You can take advantage of dataset options to make it so you can use wildcards in the select statement. Note that the order of the columns could change doing this.
proc sql ;
create table want as
select a.*
, coalesce(a.old_status,b.status_cd) as status_cd
from tableA(rename=(status_cd=old_status)) a
left join tableB b
on a.abc = b.abc
;
quit;
I eventually found a fairly simple way of doing this in proc sql after working through several more complex approaches:
proc sql noprint;
update master a
set status_cd= coalesce(status_cd,
(select status_cd
from transaction b
where a.key= b.key))
where exists (select 1
from transaction b
where a.ABC = b.ABC);
quit;
This will update just the one column you're interested in and will only update it for rows with key values that match in the transaction dataset.
Earlier attempts:
The most obvious bit of more general SQL syntax would seem to be the update...set...from...where pattern as used in the top few answers to this question. However, this syntax is not currently supported - the documentation for the SQL update statement only allows for a where clause, not a from clause.
If you are running a pass-through query to another database that does support this syntax, it might still be a viable option.

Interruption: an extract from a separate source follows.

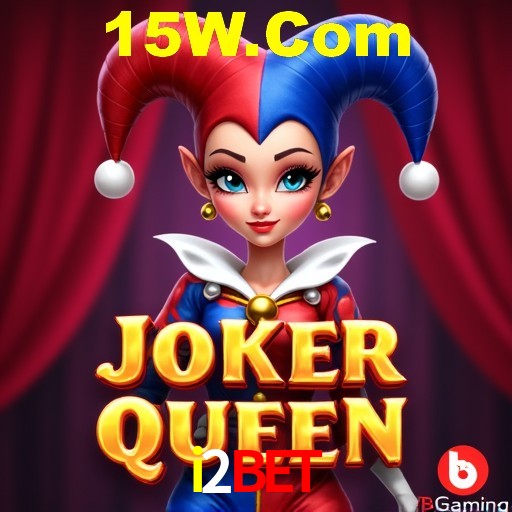 A Emoção da Loteria na i2bet: Uma Chance de Mudança de Vida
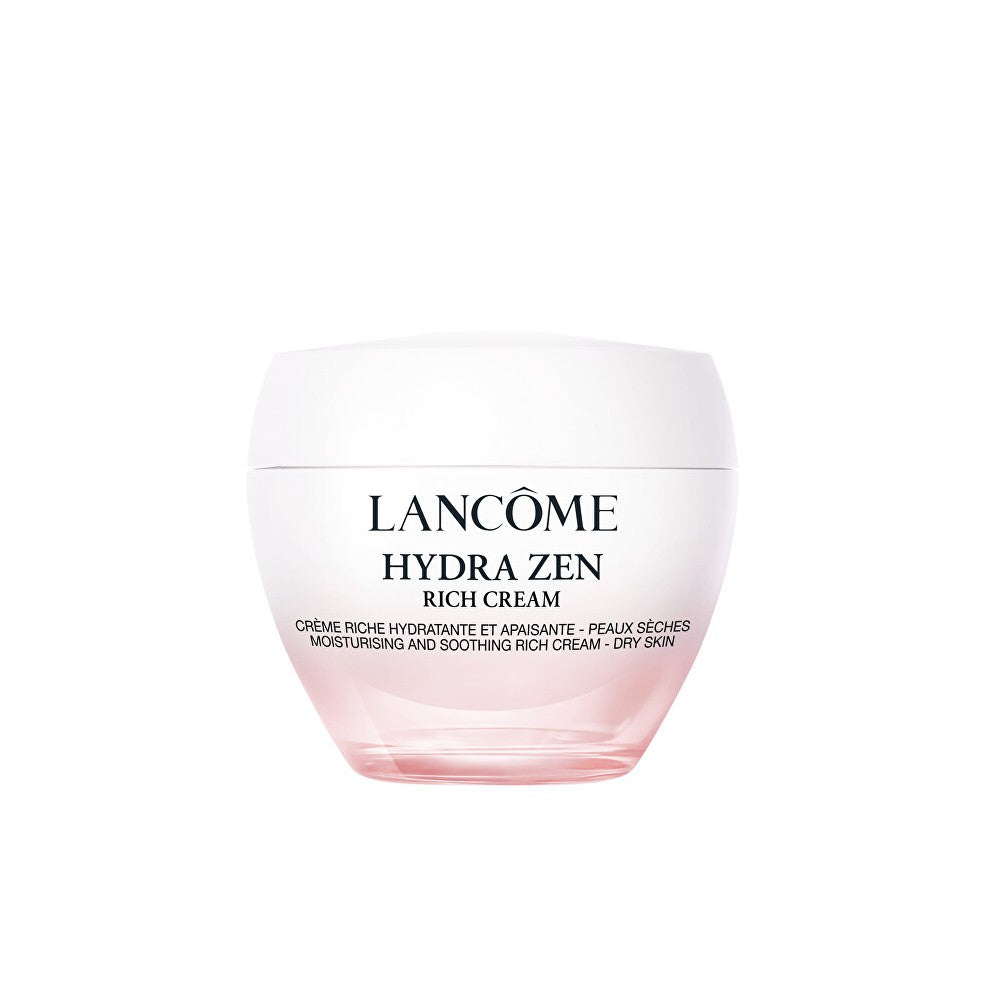 Lancôme Hydra Zen Neocalm 50 ml — Crema viso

Alternatively, there is a way to do this within SAS via a data step, provided that the master dataset is indexed on your key variable:
/*Create indexed master dataset with some missing values*/
data master(index = (name));
set sashelp.class;
if _n_ <= 5 then call missing(weight);
run;
/*Create transaction dataset with some missing values*/
data transaction;
set sashelp.class(obs = 10 keep = name weight);
if _n_ > 5 then call missing(weight);
run;
data master;
set transaction;
t_weight = weight;
modify master key = name;
if _IORC_ = 0 then do;
weight = coalesce(weight, t_weight);
replace;
end;
/*Suppress log messages if there are key values in transaction but not master*/
else _ERROR_ = 0;
run;
A standard warning relating to the the modify statement: if this data step is interrupted then the master dataset may be irreparably damaged, so make sure you have a backup first.

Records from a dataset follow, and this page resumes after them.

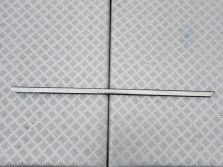 CITROEN C4 PICASSO II 2016 LISTWA ZGARNIACZ DRZWI PRAWY PRZÓD 9677090880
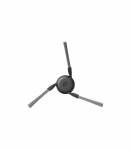 Side brush for Dreame D20 Pro,D20 Pro Plus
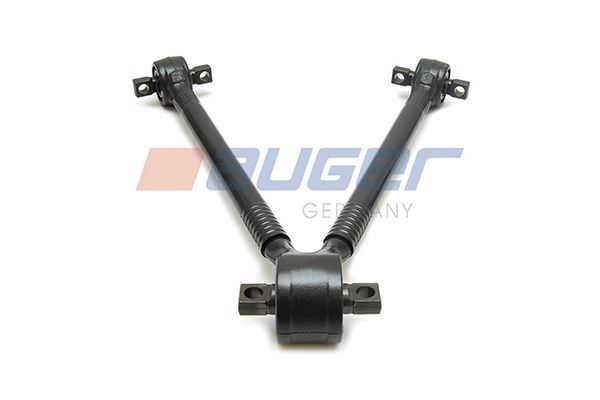 AUGER 15380 Control/Trailing Arm, wheel suspension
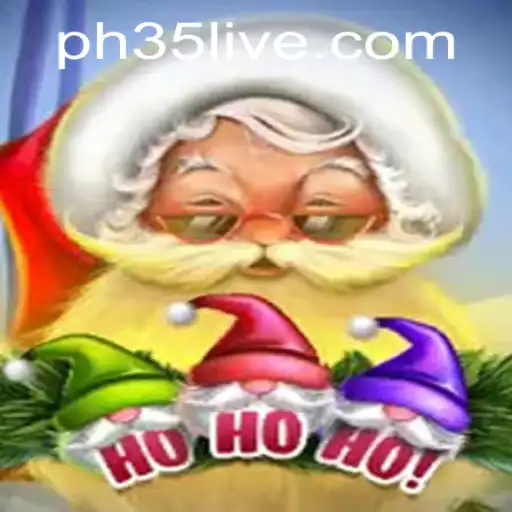 Unveiling the Exciting World of HoHoHo and PH35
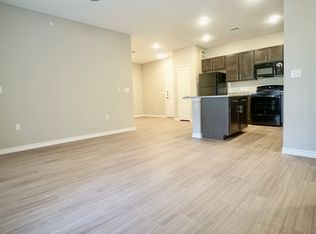 801 Philomena Dr #2201, Kyle, TX 78640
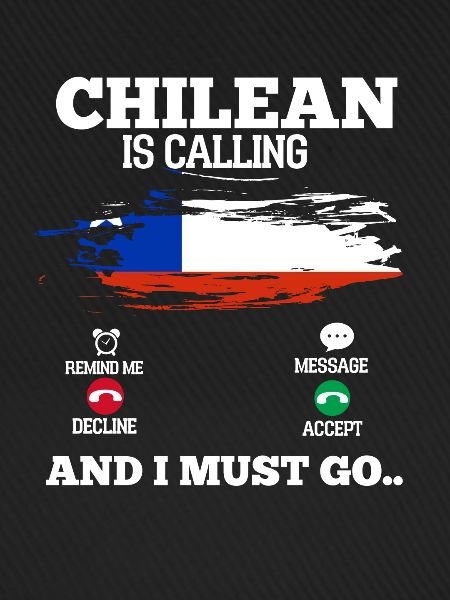 Chile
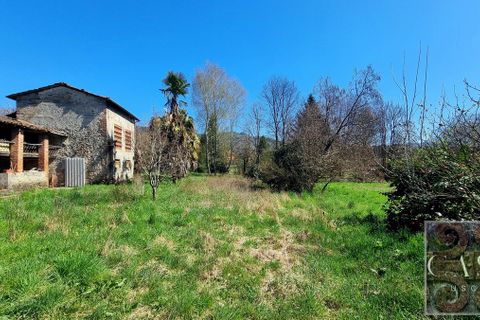 Villa i Barga, Lucca, Barga - € 500.000 | Ref: v6133-x - foto 13
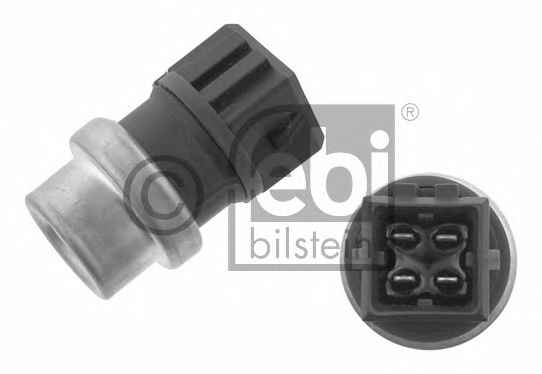 FEBI BILSTEIN 30616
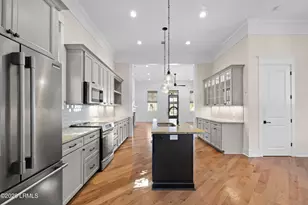 1 W Bluff, Beaufort, SC 29906 - Photo 26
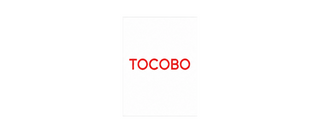 TOCOBO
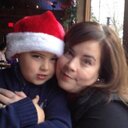 Kris Thorpe - @thorpe_kris_216 - Twitter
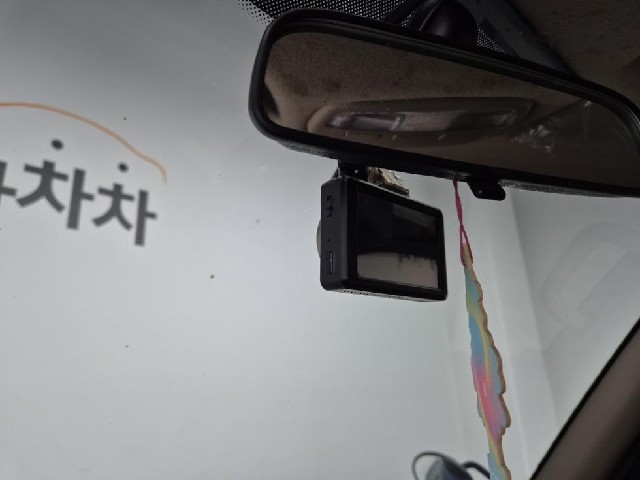 fc6231f4a5acbc4c24bac3228ff579c8.jpeg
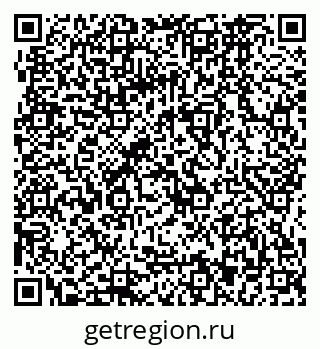 79064863423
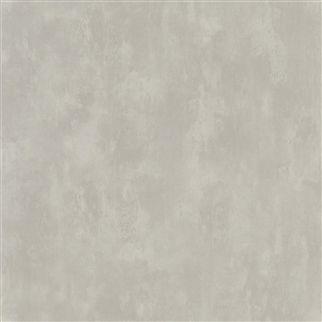 Обои для стен  Designers Guild Parchment PDG719-04 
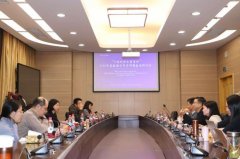 平易近网股份有限公司版权所有 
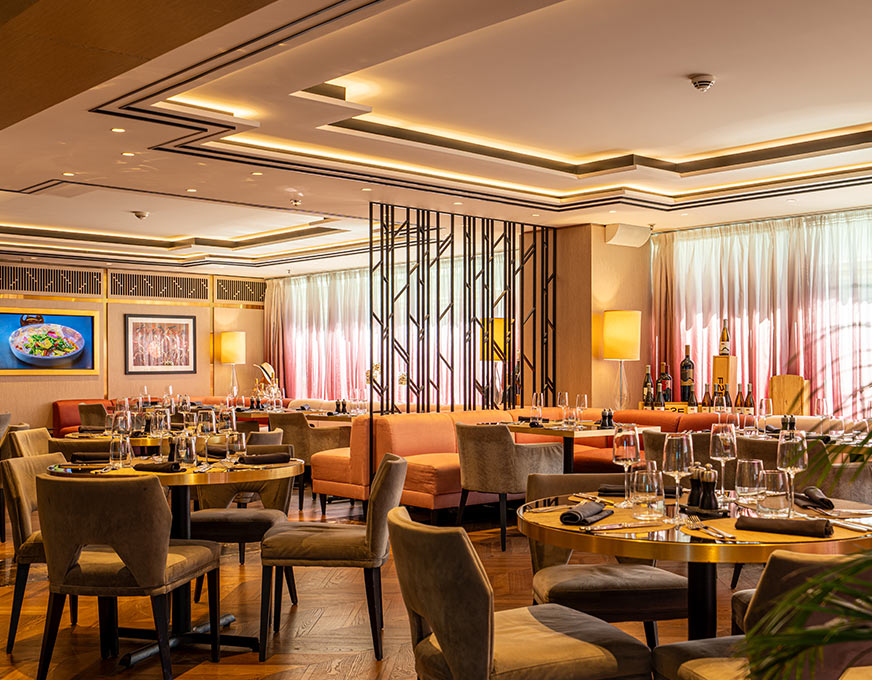 floret lounge bar-1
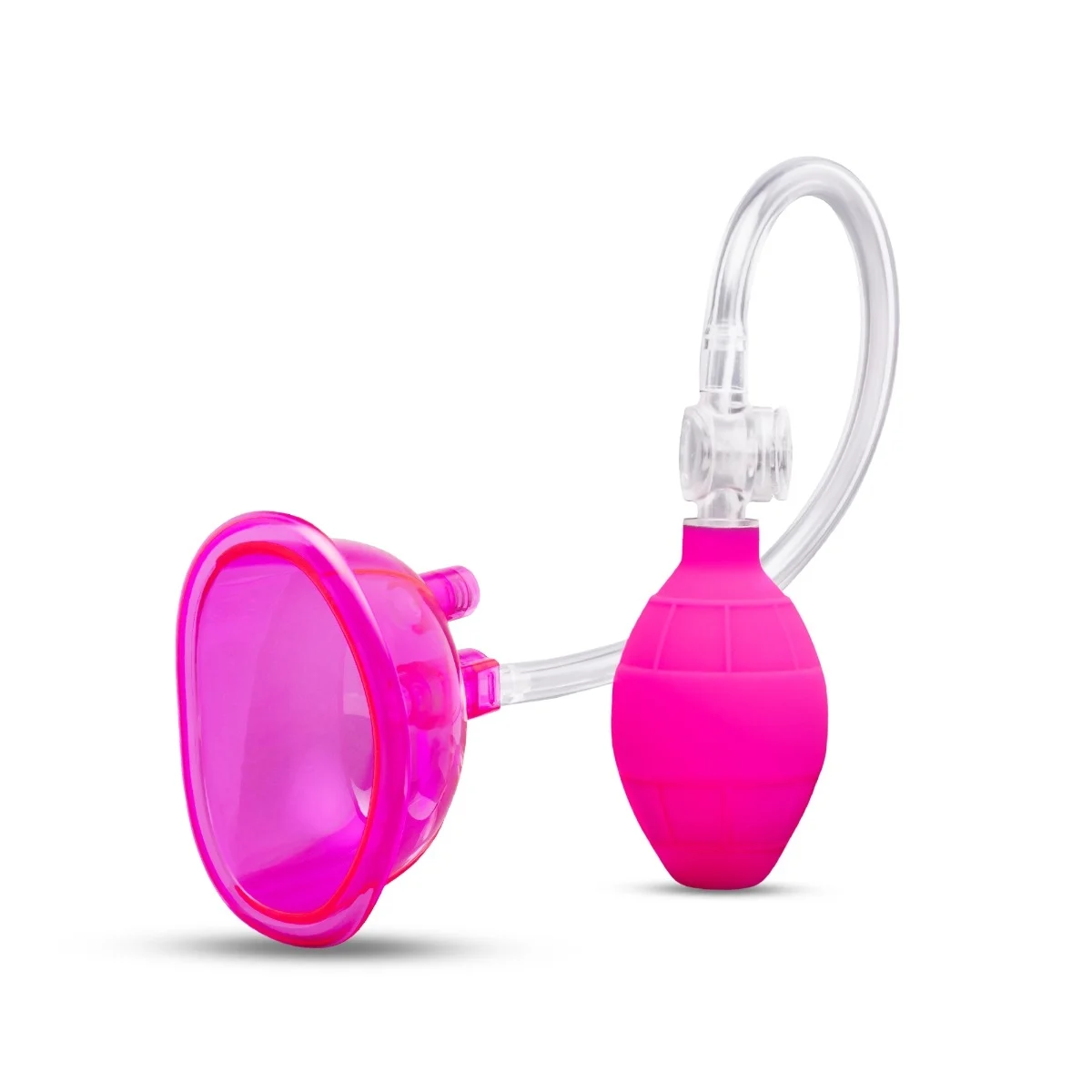 Premium Pussy Pump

In this case I've assumed that the key variable is unique - a slightly more complex data step is needed if it isn't.
Another way to work around the lack of a from clause in the proc sql update statement would be to set up a format merge, e.g.
data v_format_def /view = v_format_def;
set transaction(rename = (name = start weight = label));
retain fmtname 'key' type 'i';
end = start;
run;
proc format cntlin = v_format_def; run;
proc sql noprint;
update master
set weight = coalesce(weight,input(name,key.))

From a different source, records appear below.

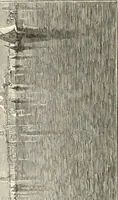 Picture 5 of 88 from American painters: with eighty-three examples of their work engraved on wood (1879), leaf 27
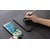 Зображення 6 Графічний планшет Huion Inspiroy H420X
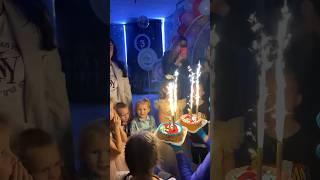 5 моих правил для счастливой жизни #youtuber #youtubeshorts #жизнь #психология #опыт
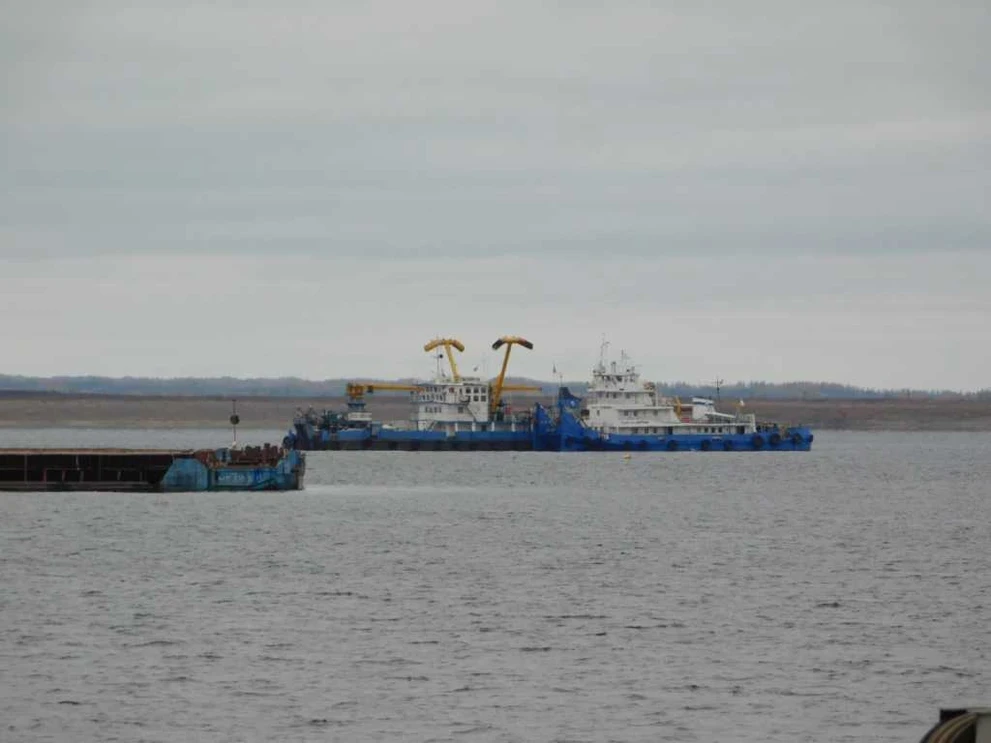 DSCN7617.JPG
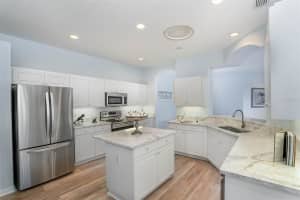 425 HALEY COURT, MELBOURNE, FL 32940 Sold 03/01/23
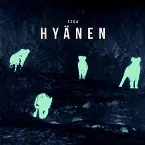 Pochette Hyänen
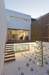 image00001_small.jpg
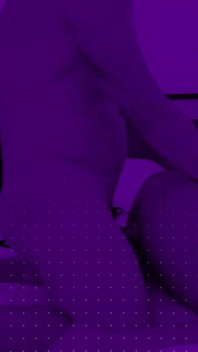 Big Ass Pornstar Jennifer White Rough Sex with Big Cock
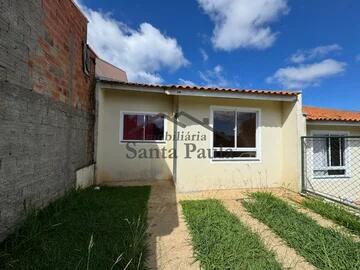 Foto Imóvel - Casa - Buenos Aires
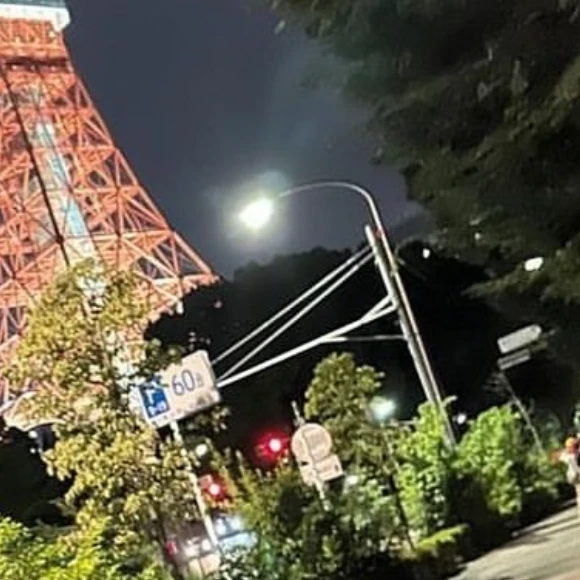 한빈쌤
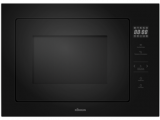 Печь свч встраиваемая Konigin GTMB925BFG 1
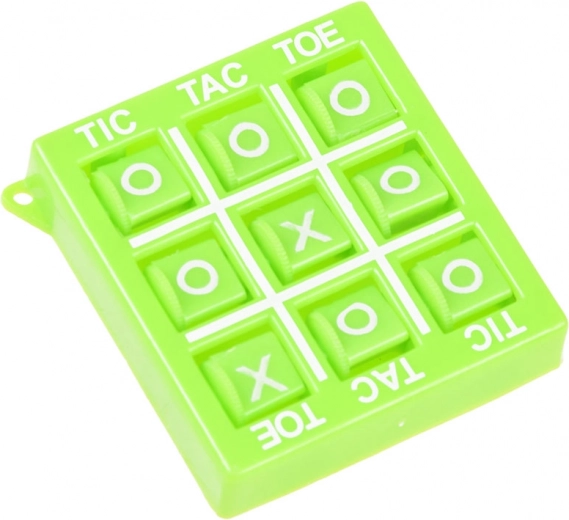 Πολυχρηστικότητα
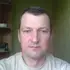 Виталий из Минска, мне 48, познакомлюсь на одну ночь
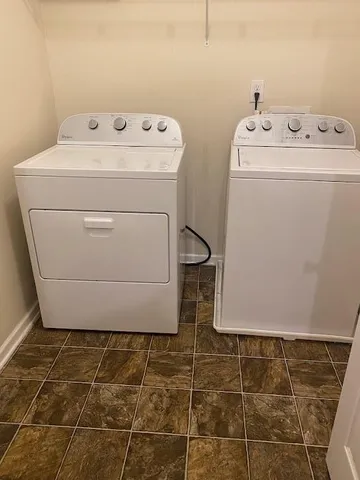 $198,000 | 2858 Parkway Close, Unit 2858, Lithonia, GA 30058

where master.name in (select name from transaction);
run;
In this scenario I've used type = 'i' in the format definition to create a numeric informat, which proc sql uses convert the character variable name to the numeric variable weight. Depending on whether your key and status_cd columns are character or numeric you may need to do this slightly differently.
This approach effectively loads the entire transaction dataset into memory when using the format, which might be a problem if you have a very large transaction dataset. The data step approach should hardly use any memory as it only has to load 1 row at a time.